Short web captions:
○ ○ ○ ○ ○

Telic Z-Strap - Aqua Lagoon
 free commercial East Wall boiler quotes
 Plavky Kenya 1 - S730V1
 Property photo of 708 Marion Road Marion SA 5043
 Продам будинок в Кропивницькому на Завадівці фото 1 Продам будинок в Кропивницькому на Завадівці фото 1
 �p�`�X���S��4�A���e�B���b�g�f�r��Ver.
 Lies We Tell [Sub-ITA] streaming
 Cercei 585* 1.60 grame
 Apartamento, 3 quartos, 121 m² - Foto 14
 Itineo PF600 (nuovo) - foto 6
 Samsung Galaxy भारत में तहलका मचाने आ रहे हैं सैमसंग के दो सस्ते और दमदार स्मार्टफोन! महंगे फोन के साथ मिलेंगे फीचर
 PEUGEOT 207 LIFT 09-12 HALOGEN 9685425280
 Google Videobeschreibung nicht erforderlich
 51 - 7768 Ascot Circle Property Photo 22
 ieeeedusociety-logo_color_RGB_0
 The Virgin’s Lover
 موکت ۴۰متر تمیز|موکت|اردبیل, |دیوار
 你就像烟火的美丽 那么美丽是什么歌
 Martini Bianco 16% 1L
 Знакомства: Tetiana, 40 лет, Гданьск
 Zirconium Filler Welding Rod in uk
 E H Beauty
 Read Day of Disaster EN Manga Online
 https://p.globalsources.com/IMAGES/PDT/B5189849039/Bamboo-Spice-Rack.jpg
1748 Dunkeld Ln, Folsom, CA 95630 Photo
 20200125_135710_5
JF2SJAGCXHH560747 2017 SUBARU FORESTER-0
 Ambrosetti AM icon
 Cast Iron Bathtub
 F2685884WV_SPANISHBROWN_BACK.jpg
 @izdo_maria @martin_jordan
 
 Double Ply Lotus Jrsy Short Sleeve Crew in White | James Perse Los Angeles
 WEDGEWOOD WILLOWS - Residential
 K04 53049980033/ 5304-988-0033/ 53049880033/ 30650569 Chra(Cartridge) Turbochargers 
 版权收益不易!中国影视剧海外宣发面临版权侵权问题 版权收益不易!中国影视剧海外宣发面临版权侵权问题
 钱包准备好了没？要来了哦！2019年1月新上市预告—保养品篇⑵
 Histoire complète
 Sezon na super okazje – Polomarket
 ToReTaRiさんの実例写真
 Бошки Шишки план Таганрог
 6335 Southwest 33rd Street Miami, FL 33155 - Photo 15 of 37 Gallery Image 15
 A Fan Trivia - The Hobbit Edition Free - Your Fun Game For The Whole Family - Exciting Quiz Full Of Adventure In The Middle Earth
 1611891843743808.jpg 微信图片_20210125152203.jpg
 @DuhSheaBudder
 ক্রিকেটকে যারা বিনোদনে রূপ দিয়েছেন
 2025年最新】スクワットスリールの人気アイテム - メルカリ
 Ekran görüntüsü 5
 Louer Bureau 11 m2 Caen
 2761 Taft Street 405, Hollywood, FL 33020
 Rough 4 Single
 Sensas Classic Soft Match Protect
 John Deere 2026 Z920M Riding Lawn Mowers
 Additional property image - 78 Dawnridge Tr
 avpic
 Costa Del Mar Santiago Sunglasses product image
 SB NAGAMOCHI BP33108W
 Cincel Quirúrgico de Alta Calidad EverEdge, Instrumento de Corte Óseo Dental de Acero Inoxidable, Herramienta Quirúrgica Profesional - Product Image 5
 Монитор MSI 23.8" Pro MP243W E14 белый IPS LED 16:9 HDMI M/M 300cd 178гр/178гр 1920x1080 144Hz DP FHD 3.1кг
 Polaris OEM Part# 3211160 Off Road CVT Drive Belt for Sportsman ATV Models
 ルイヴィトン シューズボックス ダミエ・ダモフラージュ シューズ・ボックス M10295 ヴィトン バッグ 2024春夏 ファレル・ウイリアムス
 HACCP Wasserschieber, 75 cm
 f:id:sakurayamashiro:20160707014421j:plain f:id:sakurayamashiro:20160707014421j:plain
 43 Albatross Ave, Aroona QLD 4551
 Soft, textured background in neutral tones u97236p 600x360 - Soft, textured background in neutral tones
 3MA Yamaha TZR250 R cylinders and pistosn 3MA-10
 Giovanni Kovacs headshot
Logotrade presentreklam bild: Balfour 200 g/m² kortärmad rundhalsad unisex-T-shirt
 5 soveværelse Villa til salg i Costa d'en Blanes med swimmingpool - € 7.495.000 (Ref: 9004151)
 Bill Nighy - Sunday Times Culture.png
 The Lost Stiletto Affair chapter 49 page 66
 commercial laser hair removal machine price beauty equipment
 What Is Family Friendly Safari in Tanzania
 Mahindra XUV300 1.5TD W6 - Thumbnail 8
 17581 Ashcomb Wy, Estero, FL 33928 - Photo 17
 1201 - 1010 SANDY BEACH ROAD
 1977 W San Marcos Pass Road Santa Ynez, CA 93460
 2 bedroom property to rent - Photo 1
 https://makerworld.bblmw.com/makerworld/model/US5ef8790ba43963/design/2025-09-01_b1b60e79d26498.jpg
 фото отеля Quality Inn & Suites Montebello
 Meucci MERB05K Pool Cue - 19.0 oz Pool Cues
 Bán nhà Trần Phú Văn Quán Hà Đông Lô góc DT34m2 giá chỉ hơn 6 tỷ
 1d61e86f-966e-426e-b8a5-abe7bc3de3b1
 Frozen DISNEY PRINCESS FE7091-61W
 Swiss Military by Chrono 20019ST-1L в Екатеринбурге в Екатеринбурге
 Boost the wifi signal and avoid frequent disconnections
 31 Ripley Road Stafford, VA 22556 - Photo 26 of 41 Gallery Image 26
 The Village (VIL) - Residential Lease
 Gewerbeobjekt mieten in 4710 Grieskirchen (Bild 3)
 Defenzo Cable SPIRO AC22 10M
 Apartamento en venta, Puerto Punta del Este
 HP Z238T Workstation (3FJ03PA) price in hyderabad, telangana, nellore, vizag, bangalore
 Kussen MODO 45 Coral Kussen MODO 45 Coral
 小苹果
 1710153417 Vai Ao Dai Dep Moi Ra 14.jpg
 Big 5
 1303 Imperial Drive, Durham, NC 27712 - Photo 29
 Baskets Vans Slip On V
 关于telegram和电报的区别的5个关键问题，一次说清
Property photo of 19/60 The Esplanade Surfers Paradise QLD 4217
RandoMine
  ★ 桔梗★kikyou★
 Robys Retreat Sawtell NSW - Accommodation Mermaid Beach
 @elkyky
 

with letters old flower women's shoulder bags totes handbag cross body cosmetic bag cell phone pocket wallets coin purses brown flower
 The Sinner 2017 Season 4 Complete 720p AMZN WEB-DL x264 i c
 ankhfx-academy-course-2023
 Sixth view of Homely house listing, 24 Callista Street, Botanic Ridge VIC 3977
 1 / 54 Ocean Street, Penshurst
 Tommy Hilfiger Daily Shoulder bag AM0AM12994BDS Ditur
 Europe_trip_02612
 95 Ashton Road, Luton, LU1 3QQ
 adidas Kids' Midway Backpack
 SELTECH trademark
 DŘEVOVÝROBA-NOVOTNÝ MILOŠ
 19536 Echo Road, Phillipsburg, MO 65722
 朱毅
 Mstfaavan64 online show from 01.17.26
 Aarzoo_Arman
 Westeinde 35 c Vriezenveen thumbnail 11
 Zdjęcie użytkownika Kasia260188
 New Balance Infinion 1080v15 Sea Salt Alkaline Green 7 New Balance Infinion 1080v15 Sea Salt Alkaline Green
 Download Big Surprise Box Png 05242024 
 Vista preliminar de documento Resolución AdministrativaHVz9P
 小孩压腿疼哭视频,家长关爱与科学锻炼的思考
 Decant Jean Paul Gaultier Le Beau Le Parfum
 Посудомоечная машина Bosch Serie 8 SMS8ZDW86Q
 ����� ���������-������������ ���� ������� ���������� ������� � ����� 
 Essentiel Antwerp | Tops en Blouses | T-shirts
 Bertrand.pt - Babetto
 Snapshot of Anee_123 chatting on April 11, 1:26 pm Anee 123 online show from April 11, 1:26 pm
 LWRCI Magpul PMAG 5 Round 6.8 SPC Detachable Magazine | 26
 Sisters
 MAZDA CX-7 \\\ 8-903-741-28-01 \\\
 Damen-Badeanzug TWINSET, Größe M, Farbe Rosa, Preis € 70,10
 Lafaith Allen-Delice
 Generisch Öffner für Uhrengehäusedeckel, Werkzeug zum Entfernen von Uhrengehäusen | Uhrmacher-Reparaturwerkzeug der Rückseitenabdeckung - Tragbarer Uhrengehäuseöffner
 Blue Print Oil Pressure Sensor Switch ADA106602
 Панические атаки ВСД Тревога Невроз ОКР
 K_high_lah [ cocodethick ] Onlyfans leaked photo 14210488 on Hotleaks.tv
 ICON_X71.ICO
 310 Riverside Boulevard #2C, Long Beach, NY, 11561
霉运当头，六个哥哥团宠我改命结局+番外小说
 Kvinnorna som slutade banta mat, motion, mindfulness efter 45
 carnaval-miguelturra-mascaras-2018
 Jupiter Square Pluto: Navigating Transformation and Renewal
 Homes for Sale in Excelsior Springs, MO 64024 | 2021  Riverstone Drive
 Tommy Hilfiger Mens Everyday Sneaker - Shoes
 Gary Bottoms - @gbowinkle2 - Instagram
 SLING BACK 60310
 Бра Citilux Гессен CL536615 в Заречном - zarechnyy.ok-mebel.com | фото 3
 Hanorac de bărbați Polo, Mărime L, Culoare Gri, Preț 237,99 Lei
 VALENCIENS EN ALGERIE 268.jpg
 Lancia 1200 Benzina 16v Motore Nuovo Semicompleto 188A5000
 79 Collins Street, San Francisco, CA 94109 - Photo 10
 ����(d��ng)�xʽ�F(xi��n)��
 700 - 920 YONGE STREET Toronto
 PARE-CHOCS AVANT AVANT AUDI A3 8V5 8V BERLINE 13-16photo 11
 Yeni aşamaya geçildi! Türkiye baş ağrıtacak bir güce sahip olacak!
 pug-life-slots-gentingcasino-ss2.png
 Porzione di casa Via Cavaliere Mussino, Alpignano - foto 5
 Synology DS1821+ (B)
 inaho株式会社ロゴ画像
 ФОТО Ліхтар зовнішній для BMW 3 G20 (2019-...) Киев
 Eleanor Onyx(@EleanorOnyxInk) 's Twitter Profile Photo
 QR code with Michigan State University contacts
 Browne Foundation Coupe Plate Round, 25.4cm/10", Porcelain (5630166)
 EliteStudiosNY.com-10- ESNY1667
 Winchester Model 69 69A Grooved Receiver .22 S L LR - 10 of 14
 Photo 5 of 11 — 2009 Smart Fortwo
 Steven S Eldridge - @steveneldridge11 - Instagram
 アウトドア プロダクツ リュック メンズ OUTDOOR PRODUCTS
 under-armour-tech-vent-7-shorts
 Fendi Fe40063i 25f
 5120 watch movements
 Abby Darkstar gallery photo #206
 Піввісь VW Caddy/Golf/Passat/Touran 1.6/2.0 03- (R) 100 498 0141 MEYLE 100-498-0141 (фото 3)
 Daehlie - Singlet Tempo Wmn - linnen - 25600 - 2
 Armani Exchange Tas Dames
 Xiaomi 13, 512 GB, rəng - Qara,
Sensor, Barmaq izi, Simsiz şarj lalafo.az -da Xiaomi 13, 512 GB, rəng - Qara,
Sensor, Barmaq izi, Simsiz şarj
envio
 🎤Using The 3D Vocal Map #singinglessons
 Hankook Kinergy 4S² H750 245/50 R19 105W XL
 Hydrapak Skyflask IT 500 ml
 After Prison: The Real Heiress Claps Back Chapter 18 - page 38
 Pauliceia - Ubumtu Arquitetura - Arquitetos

○ ○ ○ ○ ○

:: What the task requires ::
For this exercise, repeat exactly the lines of the data above from the one with "Посудомоечная машина Bosch" down to the one with "PARE-CHOCS AVANT AVANT", both end lines included.

:: Reply ::
 Посудомоечная машина Bosch Serie 8 SMS8ZDW86Q
 ����� ���������-������������ ���� ������� ���������� ������� � ����� 
 Essentiel Antwerp | Tops en Blouses | T-shirts
 Bertrand.pt - Babetto
 Snapshot of Anee_123 chatting on April 11, 1:26 pm Anee 123 online show from April 11, 1:26 pm
 LWRCI Magpul PMAG 5 Round 6.8 SPC Detachable Magazine | 26
 Sisters
 MAZDA CX-7 \\\ 8-903-741-28-01 \\\
 Damen-Badeanzug TWINSET, Größe M, Farbe Rosa, Preis € 70,10
 Lafaith Allen-Delice
 Generisch Öffner für Uhrengehäusedeckel, Werkzeug zum Entfernen von Uhrengehäusen | Uhrmacher-Reparaturwerkzeug der Rückseitenabdeckung - Tragbarer Uhrengehäuseöffner
 Blue Print Oil Pressure Sensor Switch ADA106602
 Панические атаки ВСД Тревога Невроз ОКР
 K_high_lah [ cocodethick ] Onlyfans leaked photo 14210488 on Hotleaks.tv
 ICON_X71.ICO
 310 Riverside Boulevard #2C, Long Beach, NY, 11561
霉运当头，六个哥哥团宠我改命结局+番外小说
 Kvinnorna som slutade banta mat, motion, mindfulness efter 45
 carnaval-miguelturra-mascaras-2018
 Jupiter Square Pluto: Navigating Transformation and Renewal
 Homes for Sale in Excelsior Springs, MO 64024 | 2021  Riverstone Drive
 Tommy Hilfiger Mens Everyday Sneaker - Shoes
 Gary Bottoms - @gbowinkle2 - Instagram
 SLING BACK 60310
 Бра Citilux Гессен CL536615 в Заречном - zarechnyy.ok-mebel.com | фото 3
 Hanorac de bărbați Polo, Mărime L, Culoare Gri, Preț 237,99 Lei
 VALENCIENS EN ALGERIE 268.jpg
 Lancia 1200 Benzina 16v Motore Nuovo Semicompleto 188A5000
 79 Collins Street, San Francisco, CA 94109 - Photo 10
 ����(d��ng)�xʽ�F(xi��n)��
 700 - 920 YONGE STREET Toronto
 PARE-CHOCS AVANT AVANT AUDI A3 8V5 8V BERLINE 13-16photo 11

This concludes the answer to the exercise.